Parallèlement, une crise de conscience a atteint les esprits dans l'ensemble du monde capitaliste : la croissance économique sera-t-elle durable ? Est-elle d'ailleurs souhaitable ? Ces questions, posées dans un rapport austère établi par les savants de l'Institut de technologie du Massachusetts pour le compte d'experts internationaux réunis dans un club dit Club de Rome, seraient passées totalement inaperçues du grand public si elles n'avaient pas trouvé un terrain favorable.

Il existe, en effet, d'obscures ramifications entre cette crise monétaire et cette crise de conscience. L'Occident a senti que des forces inconnues remuaient au fond de lui-même, sans pouvoir les identifier avec précision ni prévoir les bouleversements qu'elles pourraient provoquer. Il constate seulement que les monnaies réputées les plus solides s'écroulent les unes après les autres et que les idées les mieux reçues cessent d'être évidentes. La vision d'un monde en progrès continu, protégé de la guerre par l'équilibre de la terreur, cède la place à celle d'un présent instable et d'un avenir indéchiffrable. L'Occident se sent menacé ; non plus à ses frontières par des hordes rouges ou jaunes, ni par la marée des pays pauvres, mais en lui-même.
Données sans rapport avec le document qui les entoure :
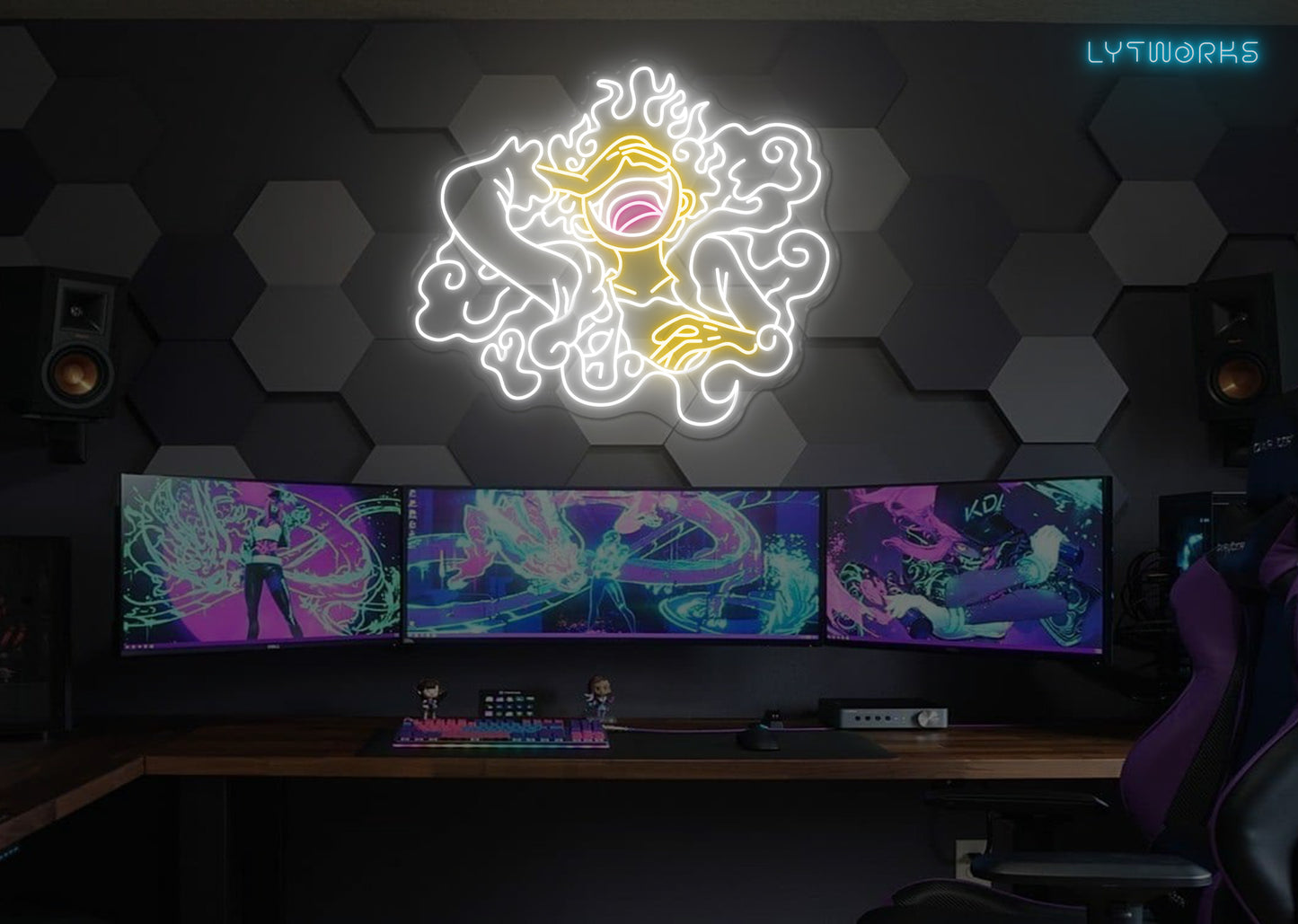 Neon Luffys Awakening Gear 5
Ouvrant, en juin 1972, un colloque international sur le thème Économie et société, qu'il a organisé, Valéry Giscard d'Estaing a cette parole significative dans la bouche d'un ministre des Finances : « Cette réunion est avant tout l'expression d'un doute... L'action à laquelle nous consacrons toutes nos forces, toute notre énergie, a-t-elle un sens ? »
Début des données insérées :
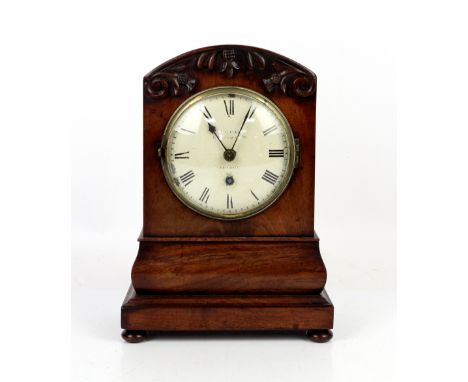 19th century mahogany cased single fusee bracket clock, by Rd. Leach, London, the white painted dial with Roman numerals, on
Il faut replacer la France dans ce décor pour apprécier les résultats de son économie en 1971-72. L'année 1971 n'a pas tenu ses promesses. Première année d'exécution du VIe Plan (1971-75), elle n'a pas atteint les objectifs qui lui étaient assignés. Avec une croissance de la production de 5,2 %, contre 5,9 % prévus au Plan, elle a pris du retard en matière d'expansion, tout en ayant une dangereuse avance en matière d'inflation. La hausse des prix a atteint 6 % contre 3 à 4 % prévus au Plan.
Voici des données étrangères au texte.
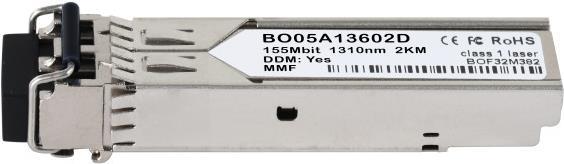 BlueOptics SFP Fast Ethernet, MM, 100FX, 2km, 1310nm, 155Mbps, LC dplx, DDM Hersteller: CBO (BO05A13602D-BO)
Si l'on considère les chiffres un peu plus dans le détail, on constate toutefois que la consommation des particuliers a dépassé les objectifs prévus, grâce à une forte hausse des revenus. Elle a pris le relais de l'investissement et des exportations dans le soutien de l'expansion française. C'est ainsi que les achats d'automobiles ont augmenté de 14,7 % en 1971 contre 1,7 % en 1970 ; ceux de téléviseurs, de 21,8 % contre 11,4 % ; ceux de réfrigérateurs de 8 % contre 2,5 % ; enfin ceux de machines à laver de 14 % au lieu de 4,6 %.

En revanche, les investissements des entreprises et les ventes à l'étranger n'ont pas tenu leurs promesses.

Crise du dollar

La crise monétaire est, pour une part, responsable de ces déceptions. En effet, à partir du mois d'août, les entreprises ont freiné la réalisation de leurs nouveaux projets. La peur du lendemain est le plus sûr moyen pour faire renoncer à la construction d'une nouvelle usine ou à l'achat d'une nouvelle machine. En outre, les perturbations provoquées dans les échanges internationaux par l'instabilité des taux de change ne sont pas favorables à la croissance des exportations.

En revanche, un malheur est toujours bon à quelque chose : la crise, déclenchée au mois d'août par le président Nixon, n'a pas seulement freiné le dynamisme des chefs d'entreprise ; elle a aussi modéré l'action des syndicats. Et Jacques Chaban-Delmas n'a pas eu trop de mal à réussir sa rentrée sociale de l'automne 1971.